The Brooklyn Nets paid homage to NBA legend Kobe Bryant and his daughter Gianna on Wednesday, leaving empty the two courtside seats the pair were seen in during a game late last year. The two were among those killed in a helicopter crash in Calabasas, California, on Sunday.
Before the game against the Detroit Pistons at the Barclays Center, a video highlighted the life and legacy of the former Los Angeles Laker.
In addition to showing clips of the 41-year-old’s illustrious career, the video featured snapshots of Bryant and Gianna together and the names of the seven others who died in the crash.
After the announcer read the names of those who were killed, two empty courtside seats with purple and yellow flowers on them were shown under a spotlight.
The seats were the same ones the father and daughter duo sat in while watching the Nets play the Atlanta Hawks in December.
A now-viral video from that game shows Bryant animatedly explaining to Gianna what’s happening in the game.
Members of the NBA have shown an outpouring of support to the Bryant family and others since the tragic crash.
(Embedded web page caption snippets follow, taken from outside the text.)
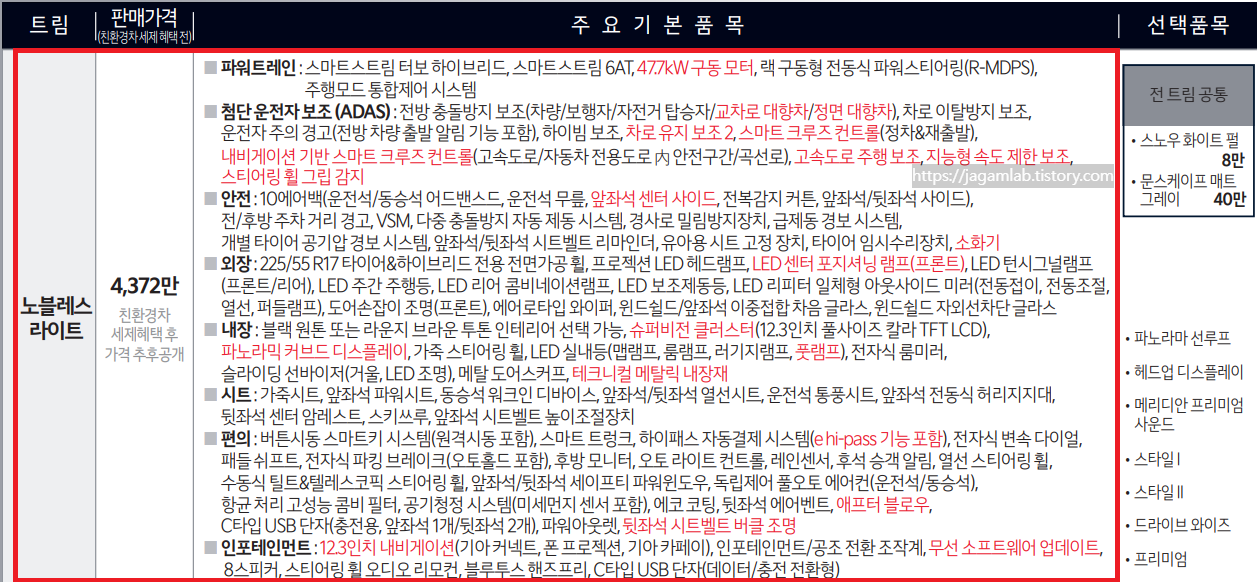 더 뉴 K8 하이브리드 노블레스 라이트 트림 가격 및 기본 품목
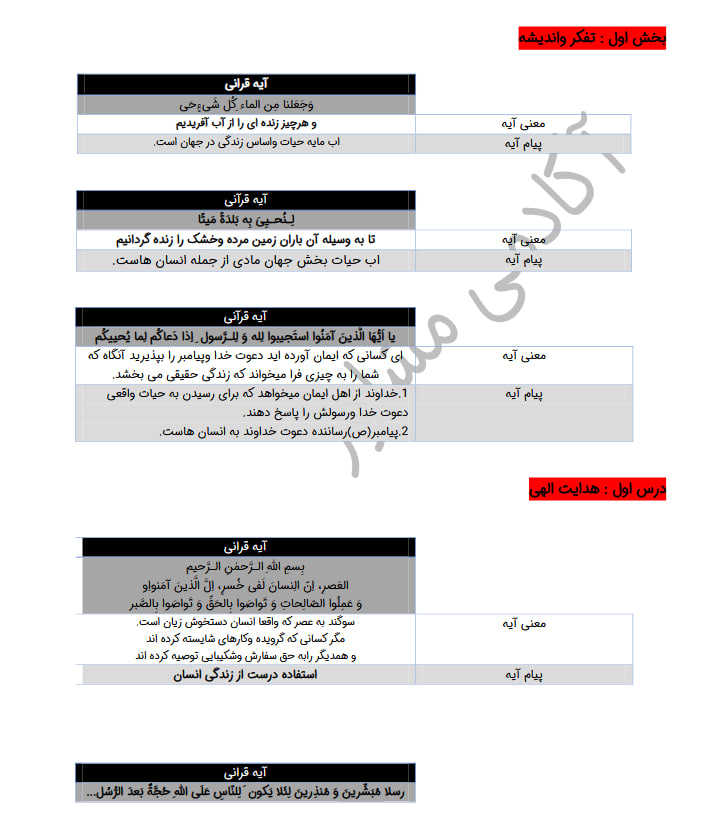 جزوه آیات و روایات دینی یازدهم و دوازدهم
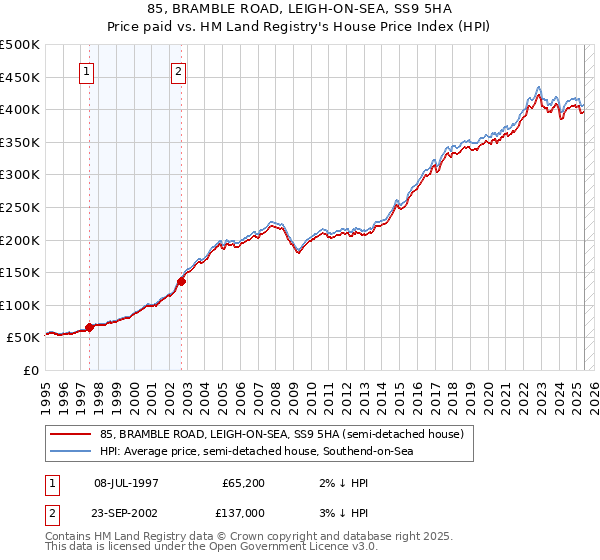 85, BRAMBLE ROAD, LEIGH-ON-SEA, SS9 5HA: Price paid vs HM Land Registry's House Price Index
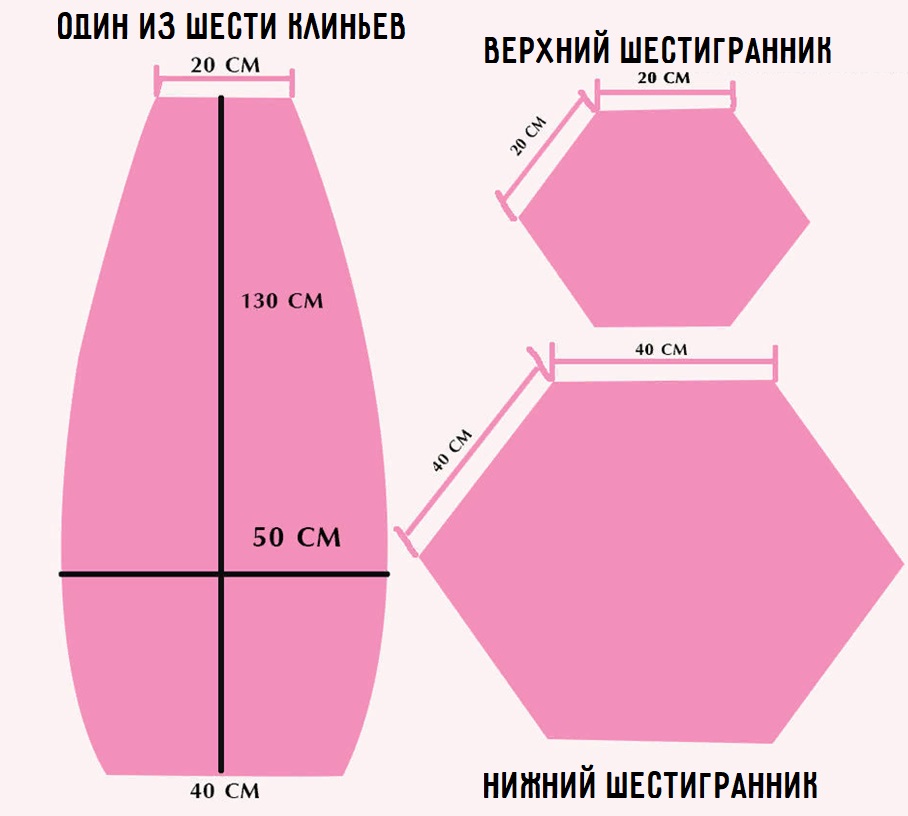 Как сделать шкатулку-ящик из открыток своими руками – инструкция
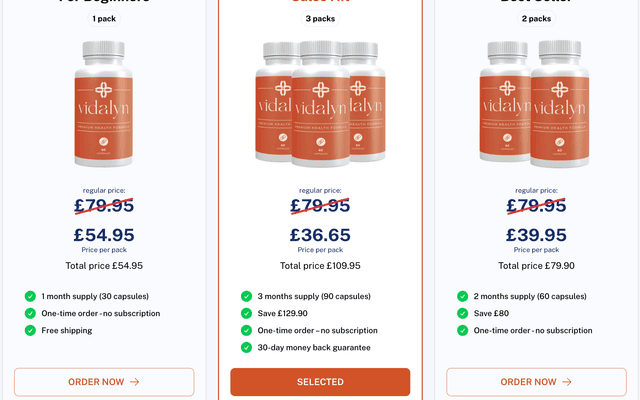 Vidalyn CBD UK Reviews: Price, Shark Tank, Ingredients and Side Effects?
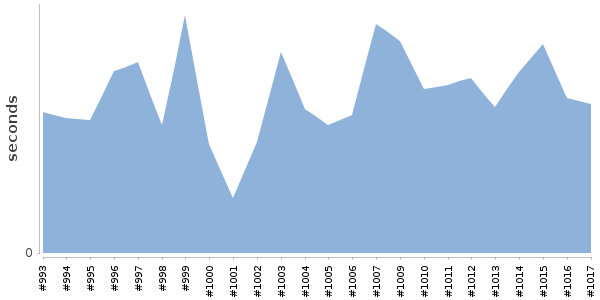 [Duration graph]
Commissioner Adam Silver said in an emotional statement earlier this week that the “NBA family is devastated by the tragic passing” of Bryant and his daughter.
“For 20 seasons, Kobe showed us what is possible when remarkable talent blends with an absolute devotion to winning,” Silver said in a statement. “He was one of the most extraordinary players in the history of our game. … But he will be remembered most for inspiring people around the world to pick up a basketball and compete to the very best of their ability. He was generous with the wisdom he acquired and saw it as his mission to share it with future generations of players, taking special delight in passing down his love of the game to Gianna.”
Bryant entered the league in 1996, right after he graduated from high school, and played for the Lakers for 20 seasons. A five-time NBA champion, he helped the Lakers win titles in 2000, 2001, 2002, 2009 and 2010. Bryant was named league MVP in 2008 and also won two Olympic gold medals for men’s basketball. He retired in 2016.